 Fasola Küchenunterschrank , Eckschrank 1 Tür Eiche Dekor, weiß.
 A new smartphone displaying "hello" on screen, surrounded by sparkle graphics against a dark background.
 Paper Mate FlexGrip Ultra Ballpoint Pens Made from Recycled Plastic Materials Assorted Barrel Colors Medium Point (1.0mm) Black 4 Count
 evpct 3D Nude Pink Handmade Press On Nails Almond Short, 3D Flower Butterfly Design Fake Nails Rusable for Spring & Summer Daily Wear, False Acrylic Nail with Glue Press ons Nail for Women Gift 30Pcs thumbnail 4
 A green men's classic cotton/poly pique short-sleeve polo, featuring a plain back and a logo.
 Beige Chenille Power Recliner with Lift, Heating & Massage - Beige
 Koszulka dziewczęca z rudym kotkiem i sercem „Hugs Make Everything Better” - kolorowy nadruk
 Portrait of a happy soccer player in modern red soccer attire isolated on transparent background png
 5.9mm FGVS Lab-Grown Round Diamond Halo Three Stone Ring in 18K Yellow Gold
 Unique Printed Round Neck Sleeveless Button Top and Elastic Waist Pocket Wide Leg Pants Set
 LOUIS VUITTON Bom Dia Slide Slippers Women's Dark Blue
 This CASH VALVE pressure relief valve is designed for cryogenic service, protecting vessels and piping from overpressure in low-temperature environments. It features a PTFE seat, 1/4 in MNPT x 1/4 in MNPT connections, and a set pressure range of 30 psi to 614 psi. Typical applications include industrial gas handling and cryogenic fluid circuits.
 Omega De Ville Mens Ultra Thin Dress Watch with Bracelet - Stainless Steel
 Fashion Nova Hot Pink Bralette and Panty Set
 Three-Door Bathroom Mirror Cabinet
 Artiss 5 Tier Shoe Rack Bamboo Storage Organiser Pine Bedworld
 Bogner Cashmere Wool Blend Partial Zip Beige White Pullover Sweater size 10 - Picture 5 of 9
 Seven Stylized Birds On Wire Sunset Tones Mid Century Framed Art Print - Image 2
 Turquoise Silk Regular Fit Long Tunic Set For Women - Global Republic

━━━━━━━━━━

[The task] Every record must be set down again exactly.

[Response to this task]
 Fasola Küchenunterschrank , Eckschrank 1 Tür Eiche Dekor, weiß.
 A new smartphone displaying "hello" on screen, surrounded by sparkle graphics against a dark background.
 Paper Mate FlexGrip Ultra Ballpoint Pens Made from Recycled Plastic Materials Assorted Barrel Colors Medium Point (1.0mm) Black 4 Count
 evpct 3D Nude Pink Handmade Press On Nails Almond Short, 3D Flower Butterfly Design Fake Nails Rusable for Spring & Summer Daily Wear, False Acrylic Nail with Glue Press ons Nail for Women Gift 30Pcs thumbnail 4
 A green men's classic cotton/poly pique short-sleeve polo, featuring a plain back and a logo.
 Beige Chenille Power Recliner with Lift, Heating & Massage - Beige
 Koszulka dziewczęca z rudym kotkiem i sercem „Hugs Make Everything Better” - kolorowy nadruk
 Portrait of a happy soccer player in modern red soccer attire isolated on transparent background png
 5.9mm FGVS Lab-Grown Round Diamond Halo Three Stone Ring in 18K Yellow Gold
 Unique Printed Round Neck Sleeveless Button Top and Elastic Waist Pocket Wide Leg Pants Set
 LOUIS VUITTON Bom Dia Slide Slippers Women's Dark Blue
 This CASH VALVE pressure relief valve is designed for cryogenic service, protecting vessels and piping from overpressure in low-temperature environments. It features a PTFE seat, 1/4 in MNPT x 1/4 in MNPT connections, and a set pressure range of 30 psi to 614 psi. Typical applications include industrial gas handling and cryogenic fluid circuits.
 Omega De Ville Mens Ultra Thin Dress Watch with Bracelet - Stainless Steel
 Fashion Nova Hot Pink Bralette and Panty Set
 Three-Door Bathroom Mirror Cabinet
 Artiss 5 Tier Shoe Rack Bamboo Storage Organiser Pine Bedworld
 Bogner Cashmere Wool Blend Partial Zip Beige White Pullover Sweater size 10 - Picture 5 of 9
 Seven Stylized Birds On Wire Sunset Tones Mid Century Framed Art Print - Image 2
 Turquoise Silk Regular Fit Long Tunic Set For Women - Global Republic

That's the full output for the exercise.